The line "I was born here and I'll die here against my will" is a paraphrase of a Talmudic passage from the Pirkei Avot (Ethics of the Fathers), Chapter 4, verse 22: "Let not your heart convince you that the grave is your escape; for against your will you are formed, against your will you are born, against your will you live, against your will you die, and against your will you are destined to give a judgement and accounting before the king, king of all kings, the Holy One, blessed be He".

== Other versions ==
The Bootleg Series Vol. 17: Fragments - Time Out Of Mind Sessions (1996–1997), released on January 27, 2023, contains a version of the original album track remixed by Michael Brauer as well as two studio outtakes of the song and a live version from 2000. On January 11, 2023, Dylan released a new video of one of the outtakes, in which the song is accompanied by a montage of archival photographs, to promote the album's release.

==Live versions==
Dylan has played the song live 191 times on the Never Ending Tour between 1997 and 2019. Dylan performed the song with Eric Clapton at Madison Square Garden in New York City on June 30, 1999, at a benefit for the Crossroads Centre in Antigua, a concert that was later broadcast on television and released on home video. A live version from September 22, 2000, performed in Sheffield, England, is included on The Bootleg Series Vol. 17: Fragments - Time Out Of Mind Sessions (1996–1997). The song's live debut occurred at the Columbus Civic Center in Columbus, Georgia on October 30, 1997, and the last performance (to date) took place at The Anthem in Washington, D.C., on December 8, 2019.

==Cover versions==
"Not Dark Yet" has been covered by many artists. Among the most notable covers:

- Robyn Hitchcock covered it for his 2002 album of Dylan covers Robyn Sings
- Barb Jungr for her 2002 album Every Grain of Sand: Barb Jungr Sings Bob Dylan
- Julie Felix for her 2002 album Starry Eyed and Laughing
- Kirsti Huke for her 2007 album Deloo
- Jimmy LaFave for his 2007 album Cimarron Manifesto
- Eric Clapton played it live during his 2009 Ireland/UK tour
- Silversun Pickups for the Chimes of Freedom compilation in 2012
- Trey Gunn for his 2015 album The Waters, They Are Rising
- Ruby Amanfu for her 2015 album Standing Still, which takes its title from a phrase in the song
- Allison Moorer and Shelby Lynne for their 2017 collaborative album Not Dark Yet, which takes its title from the song
- Calum Scott for his 2018 album Only Human
- Lucinda Williams for her 2020 live album Lu's Jukebox Vol. 3 - Bob's Back Pages: A Night Of Bob Dylan Songs
- Tom Jones for the expanded edition of his 2021 album Surrounded by Time
- Dave Gahan & Soulsavers for their 2021 album Imposter
- Jeff Tweedy as part of his October, 2025, Starship Casual Substack recordings

==Inclusion on soundtracks==
"Not Dark Yet" has been prominently featured on the soundtracks of many films and television shows, including Wonder Boys, The Passion of the Christ: Songs Inspired by The Passion of the Christ, Why We Fight, the Dylan-starring Masked and Anonymous, Life Itself, the Showtime series Californication (Season 3, Episode 3), Deadwood (Season 2 premiere "A Lie Agreed Upon, Part 1"), After Life (Season 3, Episode 2), Henry Poole Is Here, Knockaround Guys, and Richard Linklater's Last Flag Flying, where the song plays in its entirety over the closing credits. "Not Dark Yet" played on the soundtrack of the opening of Episode 2, Season 3 of After Life.

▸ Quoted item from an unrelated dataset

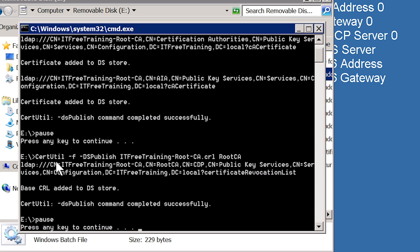The next command is much the same as the first. The parameters are the same except the file name has changed to the file containing the root CA's certificate revocation list. At the end of the command, the last parameter is the name of the root CA — in this case my root CA's computer name is rootCA. If your root CA has a different computer name, you will need to change this to match. Once again, check that the command has been successful.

==Track listings for CD singles==
CD (COL 665443 2):
1. "Not Dark Yet" – 6:29
2. "Tombstone Blues" (Live) – 6:26
3. "Ballad of a Thin Man" (Live) – 8:47
4. "Boots of Spanish Leather" (Live) – 6:35

2-track CD (COL 665443 1):
1. "Not Dark Yet" – 6:29
2. "Tombstone Blues" (Live) – 6:26

Not Dark Yet: Dylan Alive Vol. 2 Japanese EP:
1. "Not Dark Yet" – 6:29
2. "Boots of Spanish Leather" (Live) – 6:34
3. "Tears of Rage" (Live) – 7:20
4. "Senor (Tales of Yankee Power)" (Live) – 4:39

==Notes==
- "Tombstone Blues" and "Ballad of a Thin Man" were recorded live at the House of Blues, Atlanta, GA; August 4, 1996.
- "Boots of Spanish Leather" was recorded live at the House of Blues, Atlanta, GA; August 3, 1996.